How to Identify Your Target Market

In our last post, Michael DiFrsco, "The Affordable Branding Guy" from How-to-Branding told us WHY targeting an audience was so important.  In today's post, he's going to show us HOW to find them and target them.  Whether you're selling products, services or surveys -- finding the right audience is always the first and most important step.

I once heard of bit of advice from a direct marketing guru that sticks with me to this day: Before deciding WHAT to sell, determine WHOM you’re going to sell it to. What he was suggesting was to first find an audience—the people who can and will buy your products or services—and then decide how to create or modify your offerings to fit that marketplace.

Having a target market is one of the best ways to focus your business. Ivana Taylor, of DIY Marketers, has targeted small businesses without marketing departments. Her offerings are not for every businessperson who can fog a mirror. That focus allows Ivana to craft her messages to a specific target, making her more relevant and making her own marketing efforts more efficient.

When United Air Lines was looking for growth in a hypercompetitive markeplace, they decided to focus on business travelers. People who travel for business are more willing to pay full fare. They’re easier to target than casual, pleasure travelers, who often have more options when selecting an airline. So United shifted a good chunk of marketing dollars to business travelers, and the result was that more pleasure flyers looked at United in a new way: If business travelers know which airline is best for their needs, surely United is good enough for me.

How about the super-crowded non-cola and energy drink space? There are drinks for gamers, athletes, college students, you name it. Now there’s a new wellness beverage called ZAZY; an upstart drink aimed at the aging female demographic, supplies calcium and vitamin D supplements to a female’s healthy diet. While available only in New England for now, what better way to cut through the clutter than to BE only for a specific target market?

How to Target YOUR Market

Here are four easy steps to targeting the ideal core market for your small business.

  1. Does your target market have a need that only you can fulfill? Are they willing and able to spend money for your product or service to solve their specific need? Does your background and experience point to this specific audience as being ideal for your offerings? A Conservative Café is a coffee shop for, wait for it, conservatives. The Indiana-based café claims that it’s “coffee served right.” Do conservatives NEED their own coffee shop? Who knows? But Conservative Café thinks so.

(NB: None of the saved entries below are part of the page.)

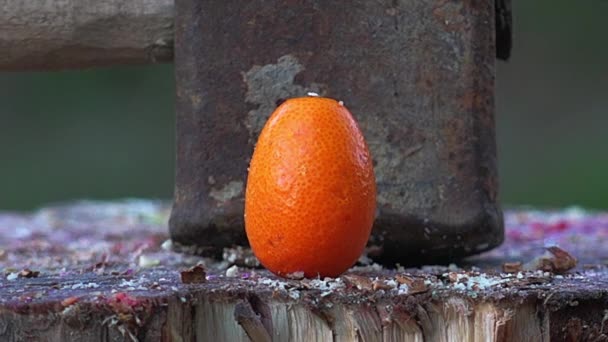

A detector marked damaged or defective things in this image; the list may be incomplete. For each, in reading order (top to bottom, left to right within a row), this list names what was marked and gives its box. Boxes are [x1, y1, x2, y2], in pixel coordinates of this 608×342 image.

rusty hammer [0, 0, 510, 264]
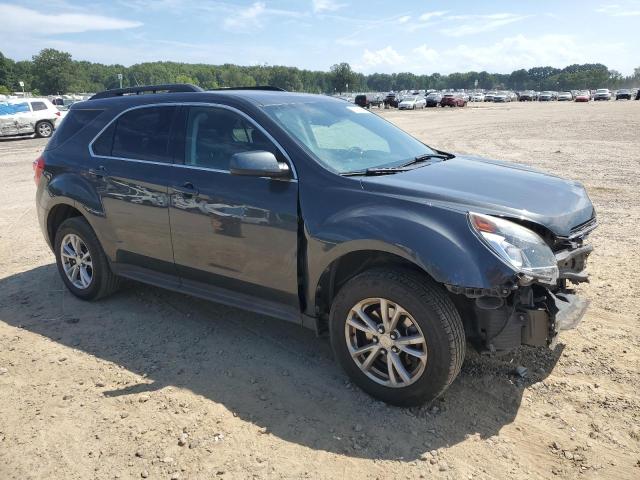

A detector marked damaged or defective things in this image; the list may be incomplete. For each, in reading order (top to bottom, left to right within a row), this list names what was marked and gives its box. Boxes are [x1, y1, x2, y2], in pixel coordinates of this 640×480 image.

damaged gray suv [35, 83, 596, 404]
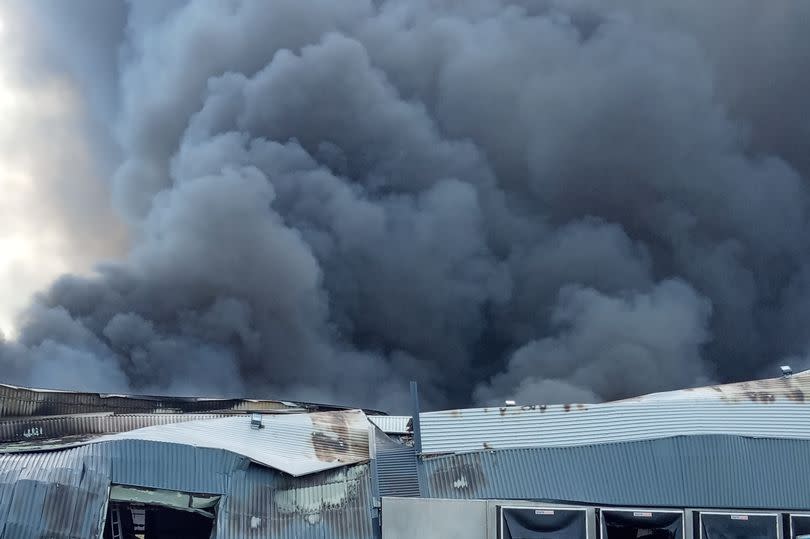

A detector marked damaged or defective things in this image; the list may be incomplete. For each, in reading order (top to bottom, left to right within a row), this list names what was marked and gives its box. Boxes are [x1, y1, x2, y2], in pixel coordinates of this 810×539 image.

broken window [102, 486, 219, 539]
rusted metal panel [88, 412, 370, 474]
damaged roof panel [92, 410, 372, 476]
rusted metal panel [218, 464, 376, 539]
broken window [498, 508, 588, 536]
rusted metal panel [416, 376, 810, 456]
rusted metal panel [420, 434, 808, 510]
broken window [600, 510, 680, 539]
broken window [696, 512, 776, 536]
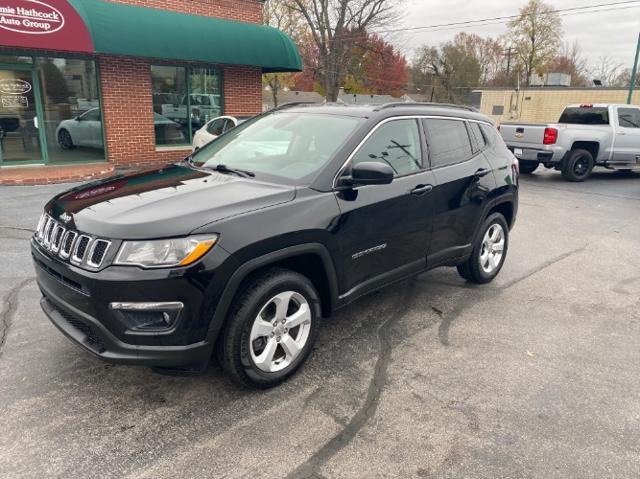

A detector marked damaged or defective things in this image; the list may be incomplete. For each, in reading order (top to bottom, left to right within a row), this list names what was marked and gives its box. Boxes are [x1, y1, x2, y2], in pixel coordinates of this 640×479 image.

crack in pavement [0, 278, 35, 356]
crack in pavement [438, 246, 588, 346]
crack in pavement [286, 280, 420, 478]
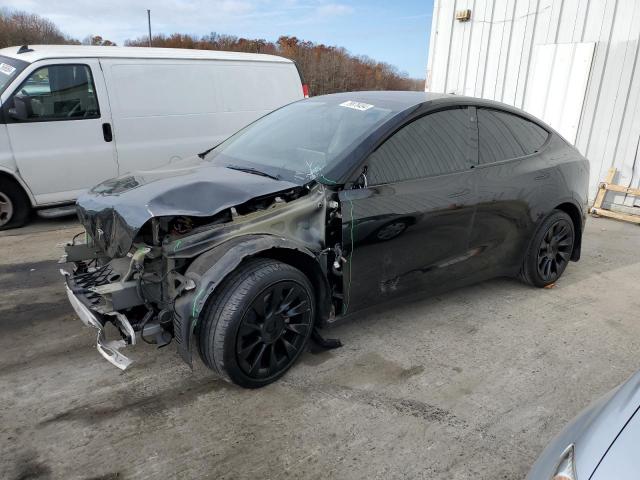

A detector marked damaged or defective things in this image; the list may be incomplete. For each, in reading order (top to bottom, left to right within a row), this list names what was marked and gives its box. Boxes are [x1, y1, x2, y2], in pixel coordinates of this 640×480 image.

crumpled hood [77, 156, 300, 256]
damaged front end [61, 163, 344, 370]
broken bumper [60, 270, 136, 372]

  1. Consider the size. Is your target market large enough to sustain your business? Don’t worry about precise numbers, because as in the United example above, your brand will also attract an aspirational audience; those who want to participate even if they’re not considered your target. Take Seventeen magazine. While the publication’s strategic target is young girls around 17 years of age, their actual market is young girls aged 13-15 who want to act like they’re 17.

  1. Is your target market, well, target-able? If you can’t find them, you can’t sell to them. What does your desired target audience read? Where do they hang out? Who else competes for their loyalty and devotion? Even an iconic brand like Harley-Davidson can reinvent itself by remaining true to its roots, but appealing to niche audiences through creative marketing and social media approaches. Once the domain of inner-rebel and CEOs, Harley is reaching out to younger demographics, women, and Hispanics—each on their own turf and in their own “language.” And these vertical audiences are find-able.

  1. Do you have a passion for this target audience? If your product or service is for accountants who work for nonprofit associations, you better make sure you LOVE accountants who work for nonprofit associations; that you can relate to them and that you can pour your energy into serving them and making their lives easier. The target audience for Freshpet (fresh, refrigerated dog and cat foods), is well-defined: empty nesters age 45 to 54 with household incomes of $100,000-plus. “These are people whose kids are now busy with high school or off at college or in jobs now, and who are now lavishing their affection and attention on their pets, which they basically view as their ‘children,’” says Freshpet VP, marketing Kathryn Winstanley.

The benefits of selecting a target market for your business are many. But before choosing a core audience, ask yourself these two critical questions: Is my product or service relevant to these people? Will these people care about what I have to offer?